Even where the Data Controller officially makes no use of cloud applications, a BYOD policy must address the issue of whether the device owner is permitted to use personal cloud-based accounts to transfer data to and from the device, or to work on material that is held on the device. Personal accounts, especially if they can be signed up to at no charge, may well not provide the same levels of security or service availability that business-oriented and paid-for accounts offer. Surveys regularly suggest that this type of ‘shadow’ cloud use is widespread. Where the Data Controller has corporate accounts with more secure applications, these should be used in preference.

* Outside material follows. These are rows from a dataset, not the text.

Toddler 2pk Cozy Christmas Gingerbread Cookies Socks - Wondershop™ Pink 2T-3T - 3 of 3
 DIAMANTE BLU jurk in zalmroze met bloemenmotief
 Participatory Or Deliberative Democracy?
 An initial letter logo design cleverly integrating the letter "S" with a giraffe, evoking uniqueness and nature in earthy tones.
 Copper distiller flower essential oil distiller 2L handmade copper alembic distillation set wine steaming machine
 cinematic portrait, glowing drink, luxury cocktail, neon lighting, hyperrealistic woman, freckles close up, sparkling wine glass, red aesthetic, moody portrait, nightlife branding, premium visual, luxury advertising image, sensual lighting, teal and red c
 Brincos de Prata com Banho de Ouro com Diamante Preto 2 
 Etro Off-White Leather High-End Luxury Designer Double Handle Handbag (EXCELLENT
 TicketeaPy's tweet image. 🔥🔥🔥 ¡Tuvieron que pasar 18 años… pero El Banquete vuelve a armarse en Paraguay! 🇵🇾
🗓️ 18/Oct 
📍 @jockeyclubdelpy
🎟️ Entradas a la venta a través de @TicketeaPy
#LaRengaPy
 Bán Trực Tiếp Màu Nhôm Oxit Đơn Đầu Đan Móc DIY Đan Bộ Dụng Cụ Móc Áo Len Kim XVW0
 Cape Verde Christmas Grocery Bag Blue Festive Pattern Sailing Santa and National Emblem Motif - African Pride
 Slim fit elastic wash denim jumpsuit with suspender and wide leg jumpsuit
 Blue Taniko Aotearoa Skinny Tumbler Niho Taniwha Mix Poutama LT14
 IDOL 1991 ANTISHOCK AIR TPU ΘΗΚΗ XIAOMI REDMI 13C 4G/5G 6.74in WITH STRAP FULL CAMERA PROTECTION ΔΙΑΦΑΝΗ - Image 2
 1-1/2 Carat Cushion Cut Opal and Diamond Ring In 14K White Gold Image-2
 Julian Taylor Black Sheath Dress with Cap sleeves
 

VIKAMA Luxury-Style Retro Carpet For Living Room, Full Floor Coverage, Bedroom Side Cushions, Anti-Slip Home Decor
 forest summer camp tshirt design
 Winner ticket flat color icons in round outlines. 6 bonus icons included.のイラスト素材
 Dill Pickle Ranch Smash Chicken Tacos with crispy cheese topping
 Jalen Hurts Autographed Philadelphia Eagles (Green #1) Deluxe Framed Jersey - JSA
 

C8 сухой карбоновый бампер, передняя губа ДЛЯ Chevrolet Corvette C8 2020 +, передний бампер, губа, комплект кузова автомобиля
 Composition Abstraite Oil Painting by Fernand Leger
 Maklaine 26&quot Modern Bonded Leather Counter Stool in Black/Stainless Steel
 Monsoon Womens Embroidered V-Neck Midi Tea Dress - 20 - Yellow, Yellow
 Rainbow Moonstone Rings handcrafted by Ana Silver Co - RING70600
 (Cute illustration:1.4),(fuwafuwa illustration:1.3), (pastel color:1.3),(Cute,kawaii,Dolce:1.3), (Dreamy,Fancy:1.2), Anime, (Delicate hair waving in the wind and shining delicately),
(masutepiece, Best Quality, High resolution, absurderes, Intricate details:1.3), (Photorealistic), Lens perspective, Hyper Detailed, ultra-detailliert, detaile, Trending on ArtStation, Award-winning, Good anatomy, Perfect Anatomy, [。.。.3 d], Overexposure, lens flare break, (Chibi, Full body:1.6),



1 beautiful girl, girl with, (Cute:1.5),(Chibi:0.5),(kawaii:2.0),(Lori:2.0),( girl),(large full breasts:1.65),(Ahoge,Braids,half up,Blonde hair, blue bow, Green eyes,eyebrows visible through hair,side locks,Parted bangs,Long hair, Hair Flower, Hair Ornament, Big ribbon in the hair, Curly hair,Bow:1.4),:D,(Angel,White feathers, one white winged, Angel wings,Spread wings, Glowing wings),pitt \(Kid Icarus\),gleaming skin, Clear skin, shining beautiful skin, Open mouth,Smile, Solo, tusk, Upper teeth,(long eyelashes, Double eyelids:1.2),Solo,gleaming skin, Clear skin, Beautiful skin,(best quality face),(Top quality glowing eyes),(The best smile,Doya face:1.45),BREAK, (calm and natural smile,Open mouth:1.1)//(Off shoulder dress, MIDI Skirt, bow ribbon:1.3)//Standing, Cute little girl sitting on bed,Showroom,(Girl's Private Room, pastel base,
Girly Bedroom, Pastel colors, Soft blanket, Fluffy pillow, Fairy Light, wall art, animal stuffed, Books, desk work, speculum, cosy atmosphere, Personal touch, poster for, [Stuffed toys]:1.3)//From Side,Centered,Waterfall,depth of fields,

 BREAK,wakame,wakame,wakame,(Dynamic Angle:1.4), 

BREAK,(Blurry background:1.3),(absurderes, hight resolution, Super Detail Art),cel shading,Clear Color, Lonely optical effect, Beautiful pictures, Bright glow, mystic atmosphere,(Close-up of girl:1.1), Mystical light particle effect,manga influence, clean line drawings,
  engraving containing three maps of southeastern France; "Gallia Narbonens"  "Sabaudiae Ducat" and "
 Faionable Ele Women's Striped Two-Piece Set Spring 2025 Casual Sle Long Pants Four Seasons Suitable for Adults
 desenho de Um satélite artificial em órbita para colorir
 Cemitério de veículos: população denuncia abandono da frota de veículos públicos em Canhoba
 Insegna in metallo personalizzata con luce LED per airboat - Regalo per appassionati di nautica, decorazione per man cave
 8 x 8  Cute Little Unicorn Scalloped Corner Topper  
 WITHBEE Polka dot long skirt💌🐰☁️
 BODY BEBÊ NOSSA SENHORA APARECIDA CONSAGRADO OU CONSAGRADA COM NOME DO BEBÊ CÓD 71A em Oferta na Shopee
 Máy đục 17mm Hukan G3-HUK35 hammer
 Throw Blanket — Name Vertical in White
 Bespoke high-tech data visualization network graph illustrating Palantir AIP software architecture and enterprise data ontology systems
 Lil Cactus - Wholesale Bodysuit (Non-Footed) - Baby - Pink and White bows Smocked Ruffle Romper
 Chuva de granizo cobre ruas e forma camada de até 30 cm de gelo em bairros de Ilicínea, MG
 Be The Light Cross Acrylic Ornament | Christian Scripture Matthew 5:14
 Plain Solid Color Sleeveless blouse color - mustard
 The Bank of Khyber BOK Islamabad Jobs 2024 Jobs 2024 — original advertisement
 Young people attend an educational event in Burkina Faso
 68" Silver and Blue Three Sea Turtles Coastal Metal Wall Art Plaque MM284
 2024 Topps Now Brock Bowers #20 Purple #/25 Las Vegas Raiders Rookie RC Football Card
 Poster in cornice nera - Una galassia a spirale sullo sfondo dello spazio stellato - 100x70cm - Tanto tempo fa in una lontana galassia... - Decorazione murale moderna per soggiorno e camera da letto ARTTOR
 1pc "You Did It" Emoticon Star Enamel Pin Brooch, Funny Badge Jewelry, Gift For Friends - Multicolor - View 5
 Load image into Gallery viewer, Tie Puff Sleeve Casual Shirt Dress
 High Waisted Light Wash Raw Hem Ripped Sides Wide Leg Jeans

The experience of Aberdeen City Council is instructive. A social worker was permitted to work from home. She had attended a case conference and was typing up the report on her home computer. Apparently she was unaware that the folder in which she stored the document on her computer was set up to synchronise automatically with a cloud-based location. A colleague who had attended the same case conference happened to search for his name on the Web, only to find that the document appeared. There was no security in place to prevent anyone accessing this highly confidential material. The council received a monetary penalty of £100,000, even though neither the computer nor the cloud service was directly under their control. When their employee was authorised to work on confidential material at home, the council should have ensured that appropriate security was in place.
3 This is a civil monetary penalty. The maximum that can be levied is £500,000 and the penalty can be appealed at tribunal.